An unsupervised machine-learning-based shock sensor for high-order supersonic flow solvers
This work addresses shock detection for computational fluid dynamics simulations, offering an incremental improvement with adaptive and training-free capabilities for complex geometries.
The paper tackled shock detection in high-order supersonic flow solvers by developing an unsupervised machine-learning sensor based on Gaussian Mixture Models, which demonstrated remarkable accuracy and robustness with significantly less parameter tuning than state-of-the-art alternatives, enhancing hybrid formulations and performing effectively in supersonic test cases.

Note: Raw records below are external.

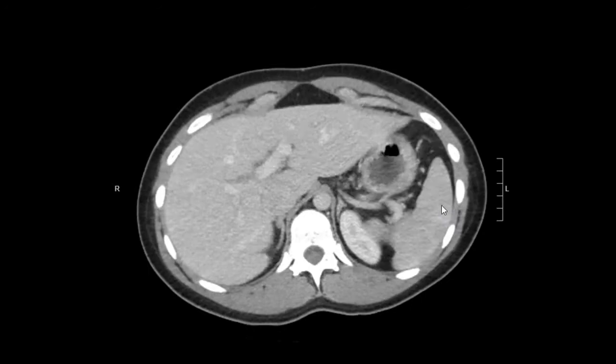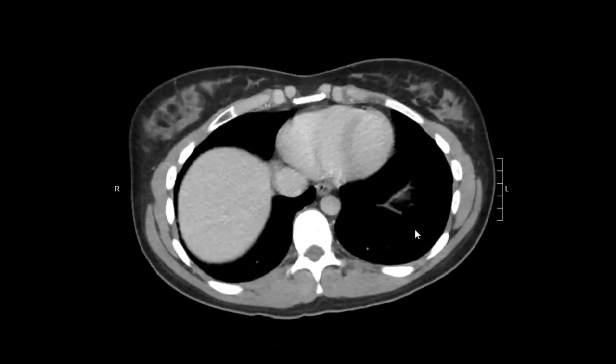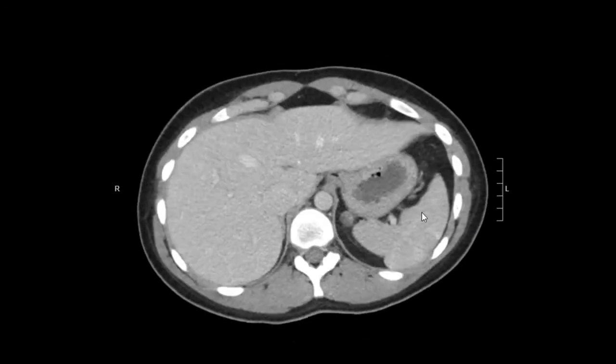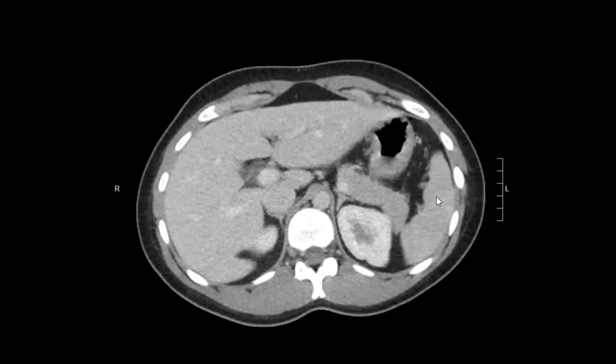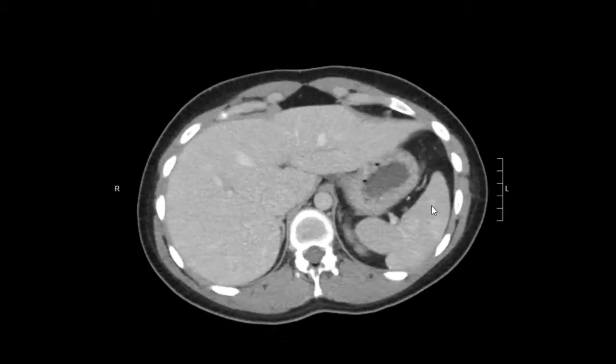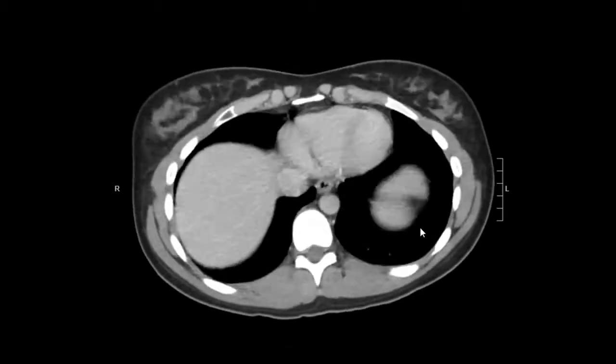I'm going to look at the spleen from top to bottom. Same thing — normal in size, normal in contour, normal in density.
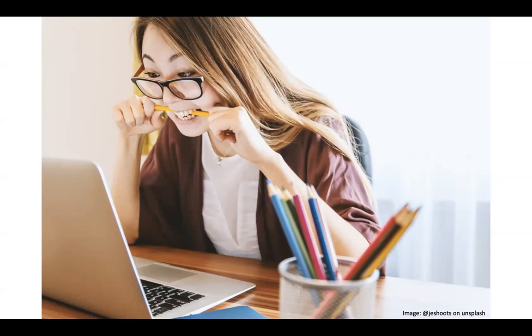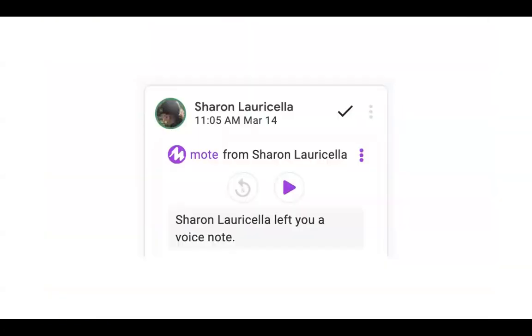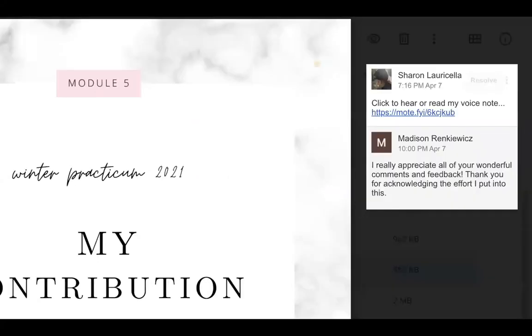We can write comments on assignments — that's perfectly fine — but if we capture our voices, it becomes even more powerful. This is important in online courses, hybrid, and face-to-face settings. A bonus is that speaking is very often faster for some people than typing. This is what it looks like when a student gets a Moat — it's kind of like a little card that tells them they got a voice note, kind of like mail. I took a screenshot to give you an example of what Moat looks like when a student receives it.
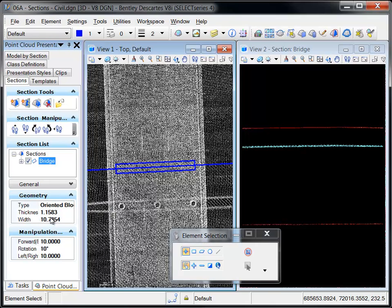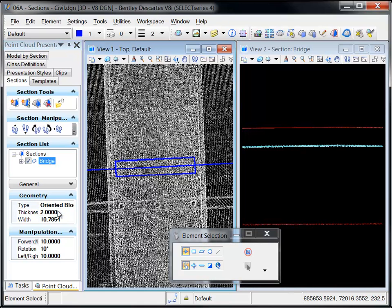The dimensions of the section graphics can be modified in the Geometry pane and the changes are immediately shown in the views.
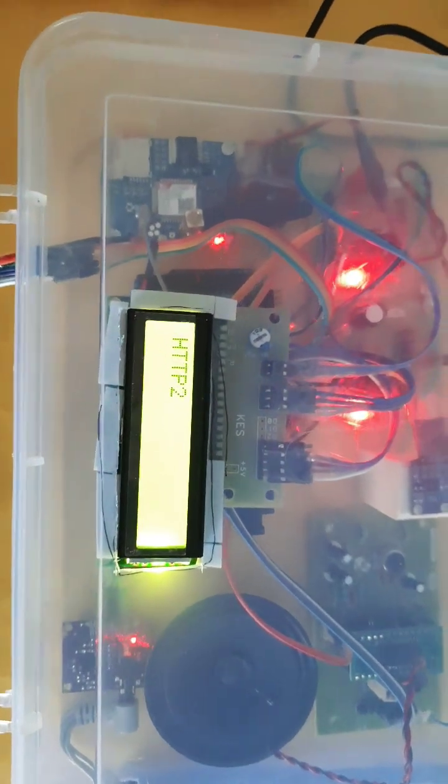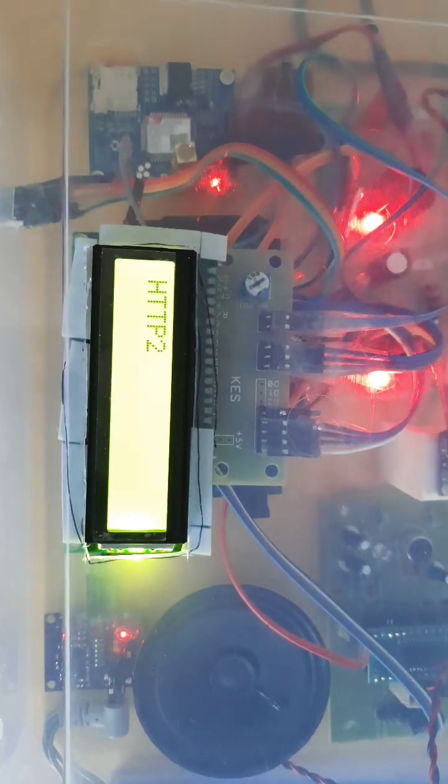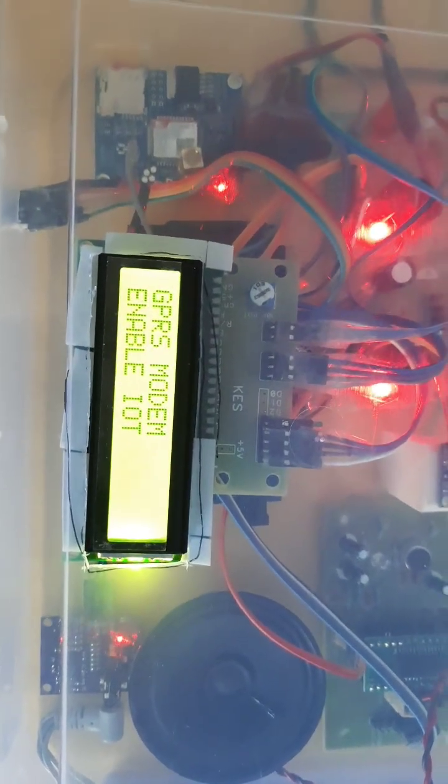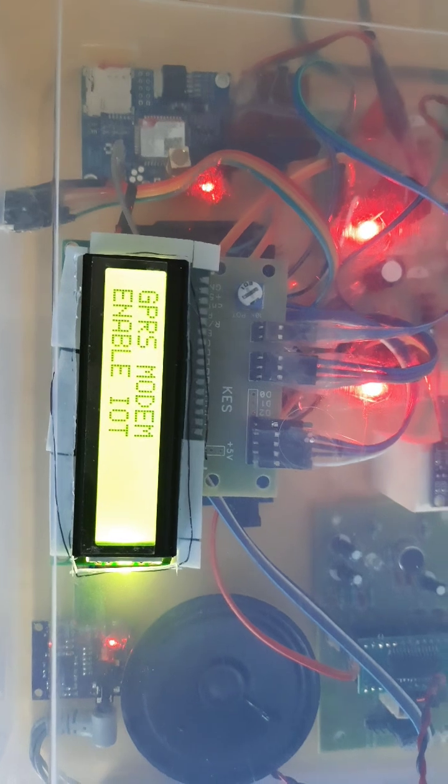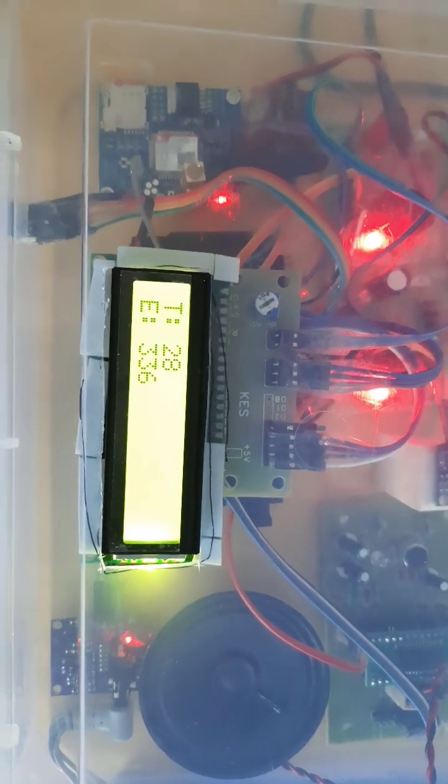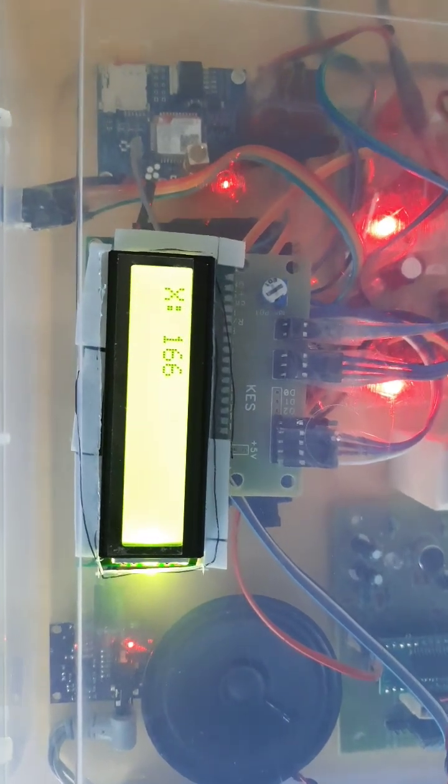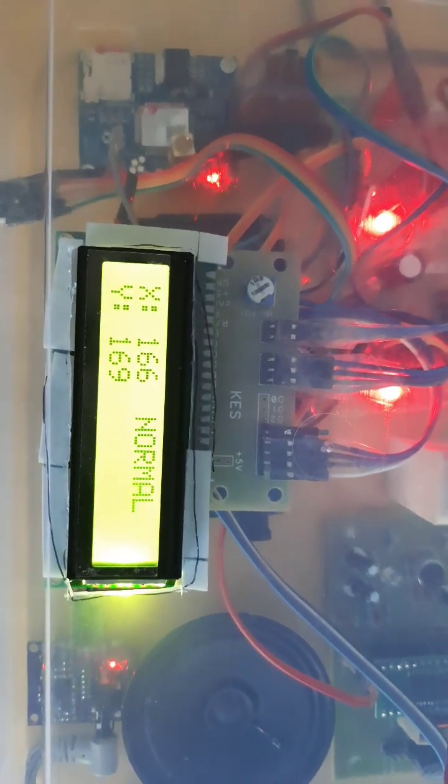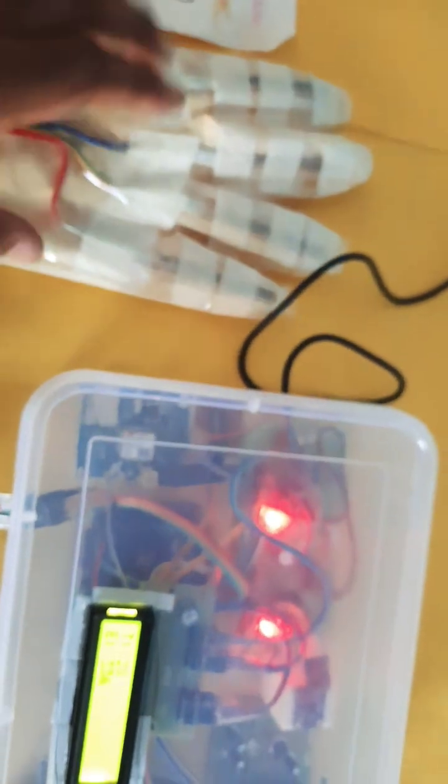The system shows HTTP1, HTTP2, GPRS modem enabled, T for temperature, E for ECG, X coordinate value from ADXL335, fingers reading normal, and there is no winding.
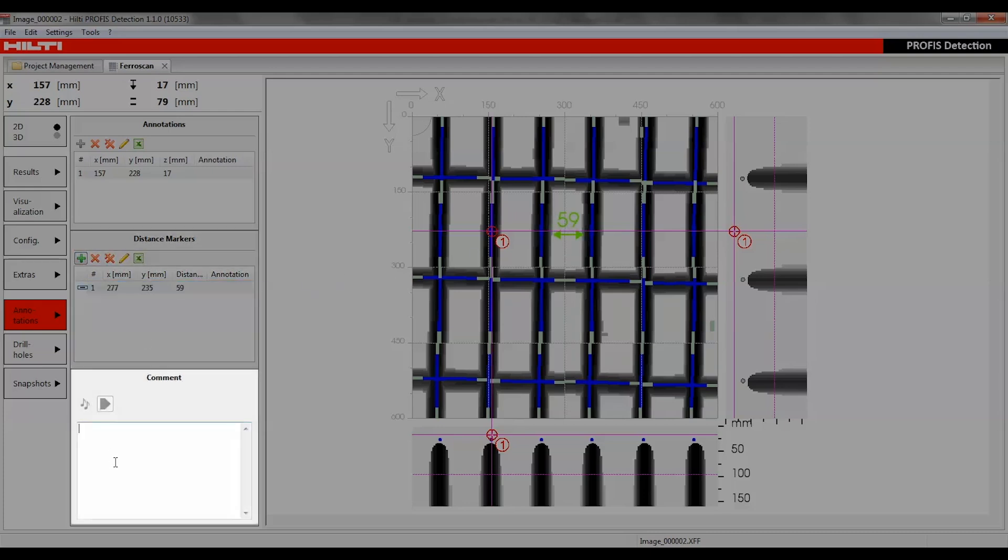In the comments section, users can leave written comments and play audio comments recorded with the monitor.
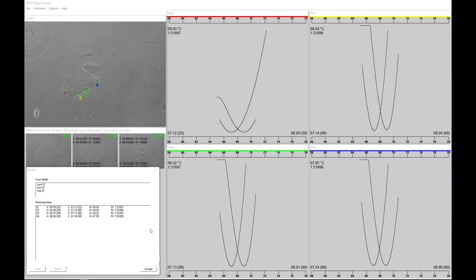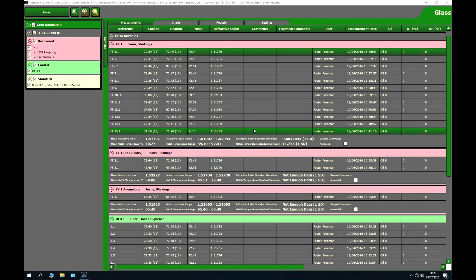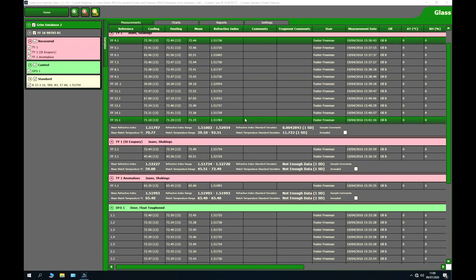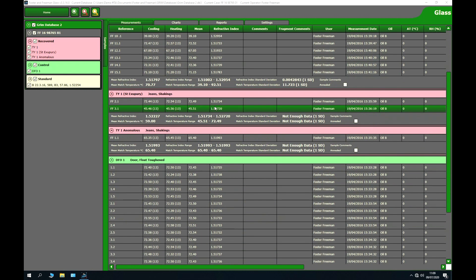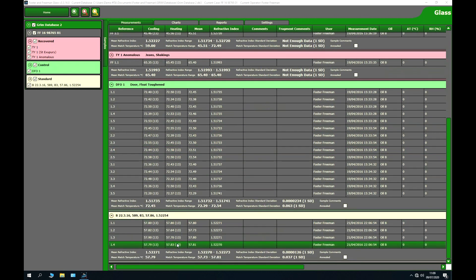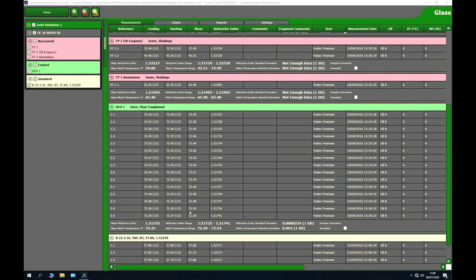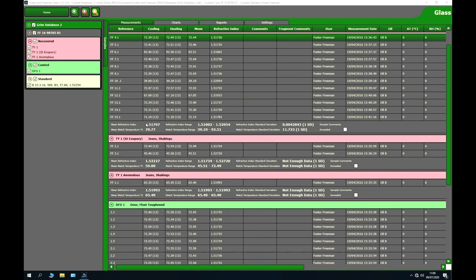These results can then be imported into the glass management software. In the glass software, a typical scenario is shown where recovered glass fragments appear in red, control fragments in green, and the standard in yellow. We can see all individual results and compare the mean refractive index, match temperatures, and standard deviations.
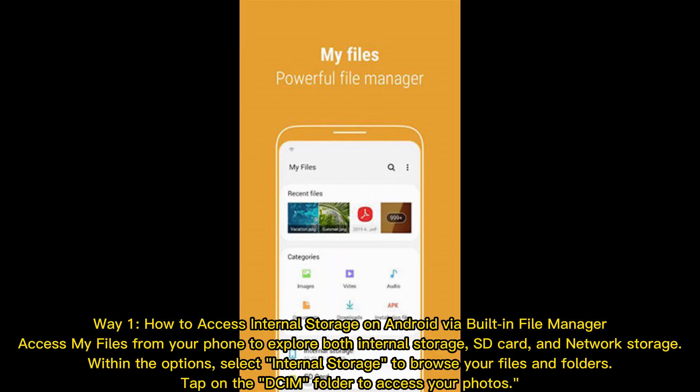Way 1: How to access internal storage on Android via built-in file manager. Access My Files from your phone to explore both internal storage, SD card, and network storage. Within the options, select internal storage to browse your files and folders. Tap on the DCIM folder to access your photos.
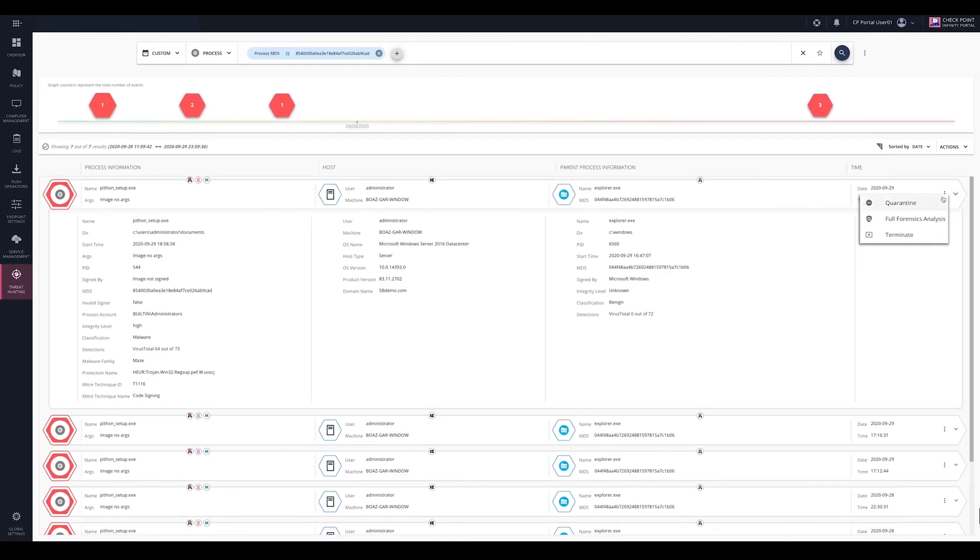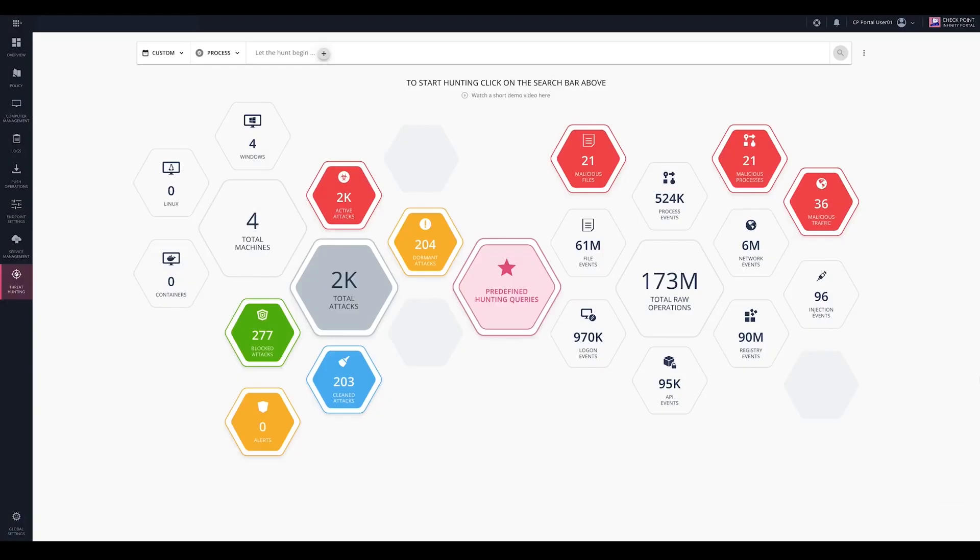Remediation actions such as quarantine and process termination can be taken instantly, and full forensics analysis is also available.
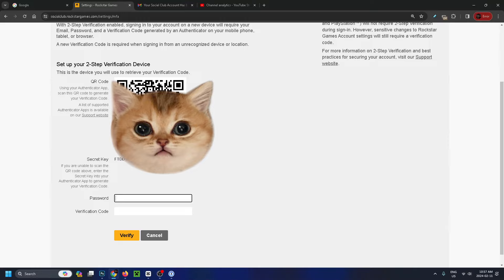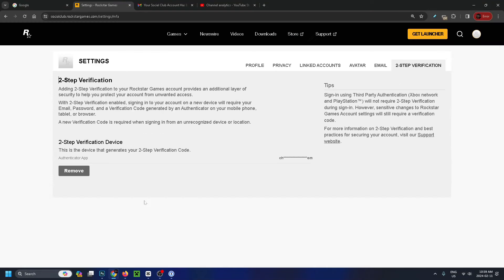Or you can enter a secret key to generate the codes. Once you've input your password and the verification code generated on your authenticator app, you can press verify. Now your GTA 5 account, which is linked to your Rockstar Games account, has two-step verification, adding an additional layer of security.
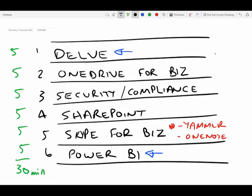Generally, my experience has been that this order — Delve, OneDrive for Business, Security and Compliance, SharePoint, Skype for Business, and Power BI — has the best impact and the best bang for your buck when presenting Office 365.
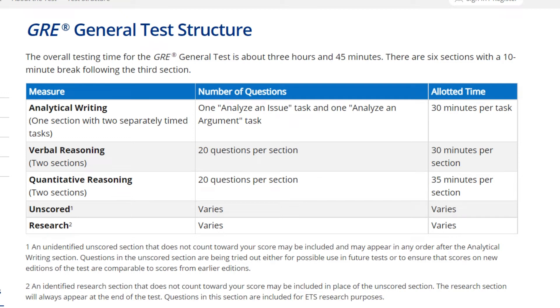Hi guys, my name is Jatko Liv, and today I'm going to explain the GRE general test structure and our course structure for the GRE test.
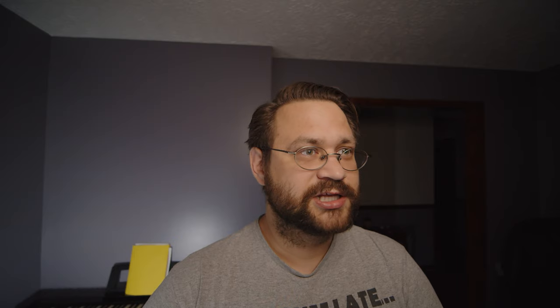Looking at the plots per day, we see that the difference isn't that great — we're talking about three plots per day between the NVMe and the RAM. Once you've done enough tests, they're probably going to come out roughly the same.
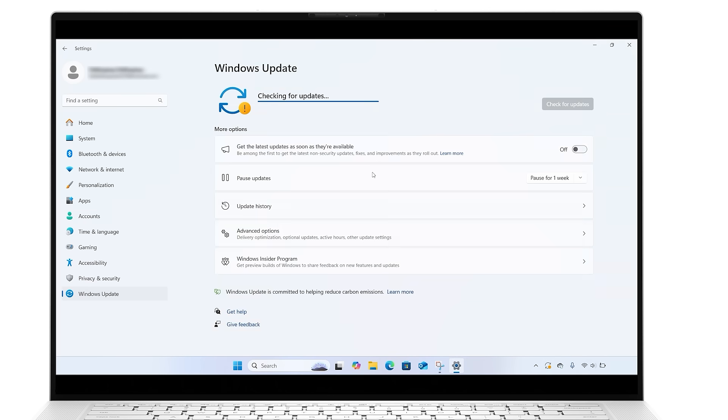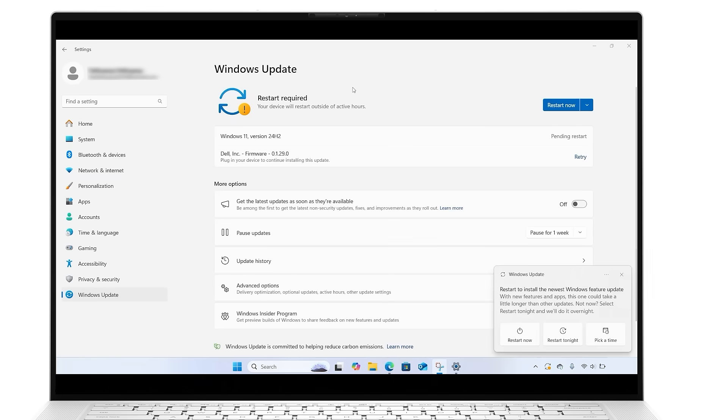The reinstallation process will take you to the Windows Update Settings page and download a repair version of the last successful OS update. Once the download is complete, the repair version of the update will install.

We present a novel unsupervised machine-learning sock sensor based on Gaussian Mixture Models (GMMs). The proposed GMM sensor demonstrates remarkable accuracy in detecting shocks and is robust across diverse test cases with significantly less parameter tuning than other options. We compare the GMM-based sensor with state-of-the-art alternatives. All methods are integrated into a high-order compressible discontinuous Galerkin solver, where two stabilization approaches are coupled to the sensor to provide examples of possible applications. The Sedov blast and double Mach reflection cases demonstrate that our proposed sensor can enhance hybrid sub-cell flux-differencing formulations by providing accurate information of the nodes that require low-order blending. Besides, supersonic test cases including high Reynolds numbers showcase the sensor performance when used to introduce entropy-stable artificial viscosity to capture shocks, demonstrating the same effectiveness as fine-tuned state-of-the-art sensors. The adaptive nature and ability to function without extensive training datasets make this GMM-based sensor suitable for complex geometries and varied flow configurations. Our study reveals the potential of unsupervised machine-learning methods, exemplified by this GMM sensor, to improve the robustness and efficiency of advanced CFD codes.